As is the great rush of multinationals to open up operations and make acquisitions in Israel. “We are in a golden age here, and there is no question that the multinationals have had a lot to do with Israel’s prominence as a tech power around the world.” While some complain that the multinationals “steal” Israeli talent and make the big bucks abroad, Medved sees it differently. “In the last two years, we have had 10 billion-dollar exits, half of them M&A deals and half of them IPOs on world stock exchanges. And in the past few months, we have something new: The private equity funds have discovered Israel, and they are scouring the country looking for opportunities.”
OurCrowd itself has extensive relationships with multinationals, most notably GE — and the growth of Israeli tech feeds on itself, attracting more and greater ties. An example, said Medved, is OurCrowd’s own new president, Anthony DeChellis, who previously served as CEO of Private Banking Americas at Credit Suisse, headed Private Wealth Management at UBS, and held a range of leadership positions at Merrill Lynch, including manager of the European Private Banking Business. “He’s a pretty high-profile guy who could go anywhere. But he wants to be here, with us in Israel, because he realizes our potential.”

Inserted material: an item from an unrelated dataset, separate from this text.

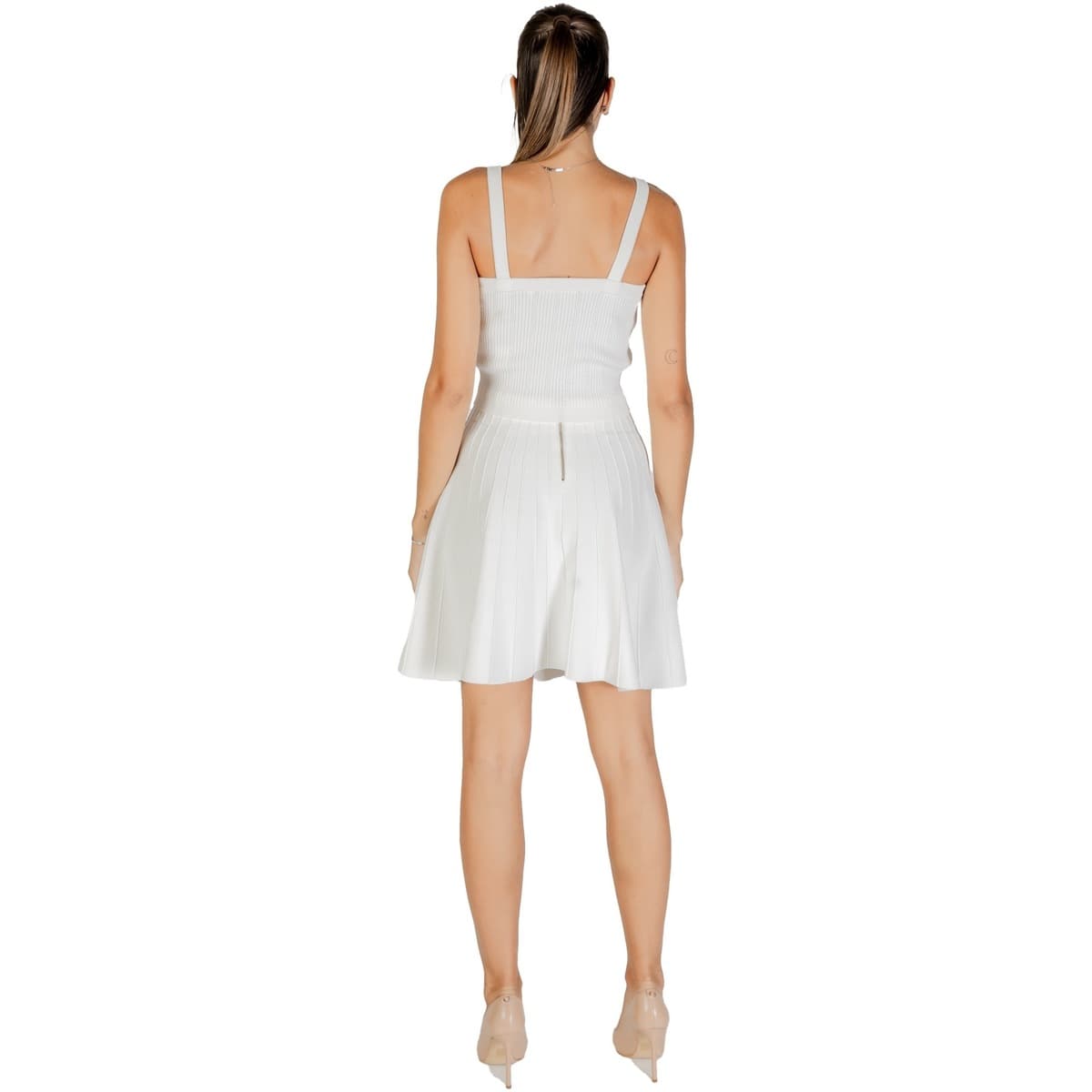 Women's Sleeveless Tops Guess White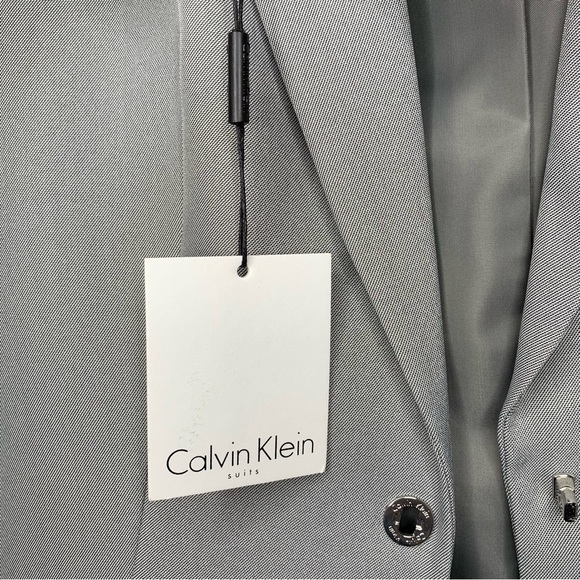 NWT Calvin Klein, gray suit blazer, size 6 - Picture 7 of 15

A potential that is on the upswing — and has a long way to go before it crests, Medved added. “The deals are getting bigger — the average exit size in 2014 was eight times that of 2008 — and they will continue to get even bigger. That’s because the next big explosions — big data, machine vision, cybersecurity, the Internet of Things, and other hard-tech areas — are exactly the kinds of things Israel excels at. As successful as we have been, I believe we are just at the beginning of our tech journey.”